Data below START
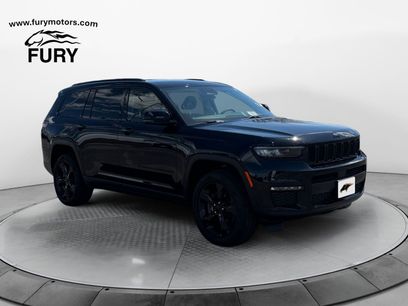Used 2023 Jeep Grand Cherokee L Limited w/ Black Appearance Package
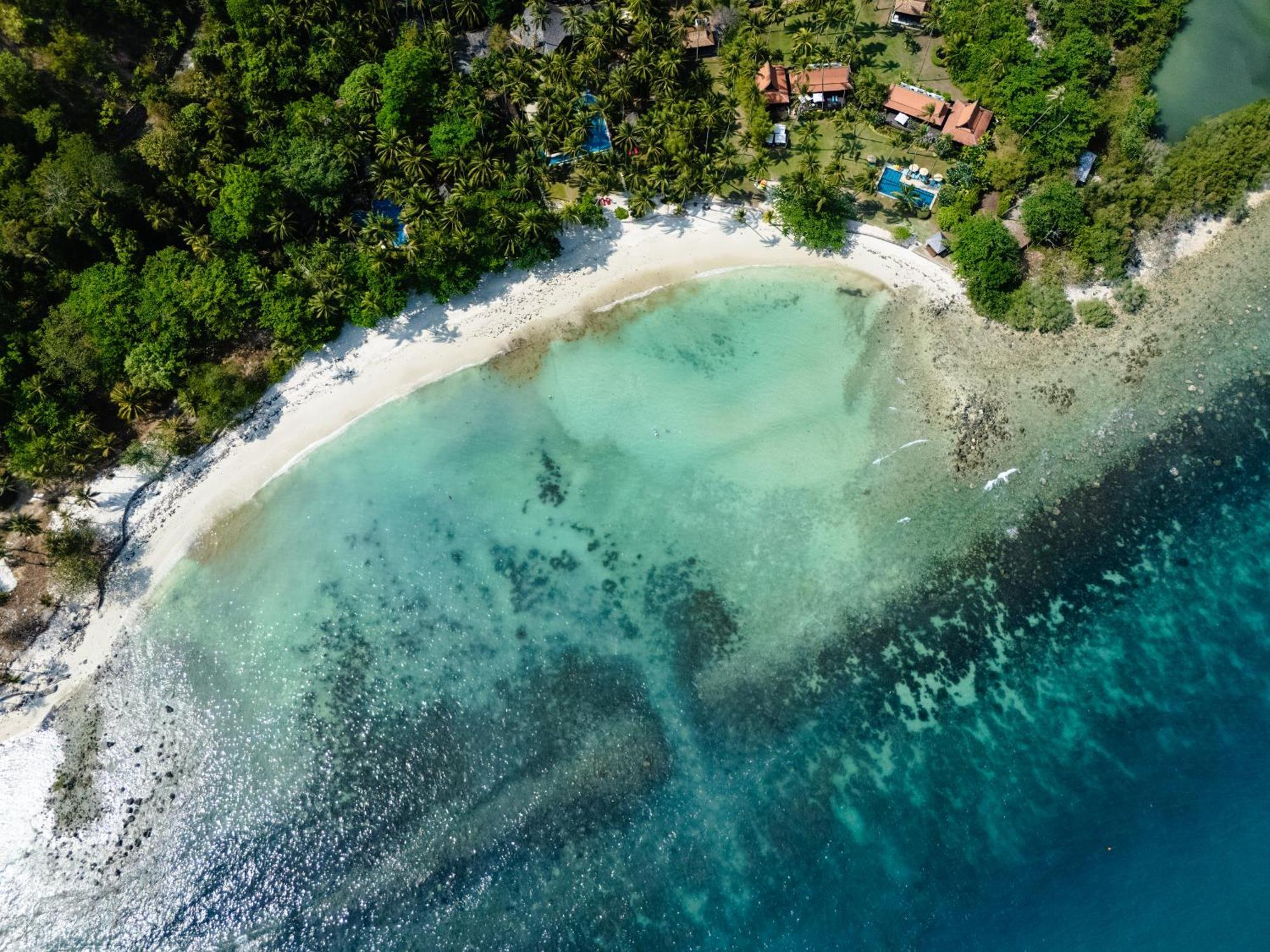 Samahita Retreat Hotel Laem Sor Bagian luar foto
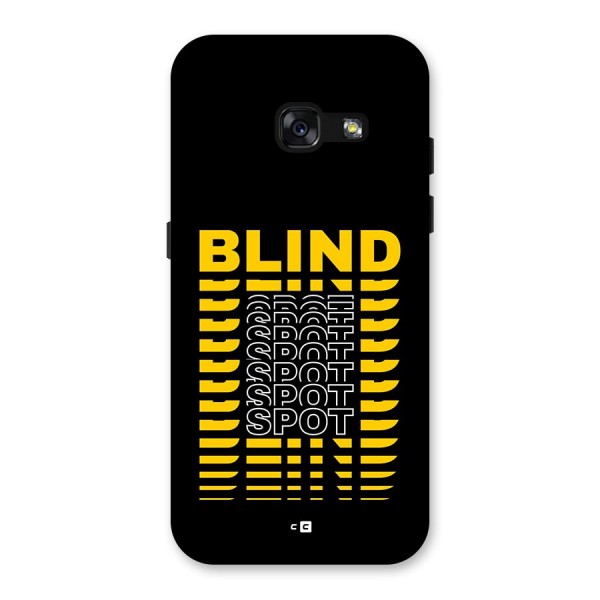 Blind Spot Back Case for Galaxy A3 (2017)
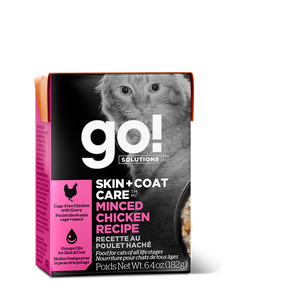 GO CAT SKIN & COAT CHICKEN TETRA 181G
Data below END
Problem to work on :: Beginning at the line that contains "Samahita Retreat Hotel", retype each line of the data above through the very last one. Do not retype the pictures.

Written solution ::
 Samahita Retreat Hotel Laem Sor Bagian luar foto
 Blind Spot Back Case for Galaxy A3 (2017)
 GO CAT SKIN & COAT CHICKEN TETRA 181G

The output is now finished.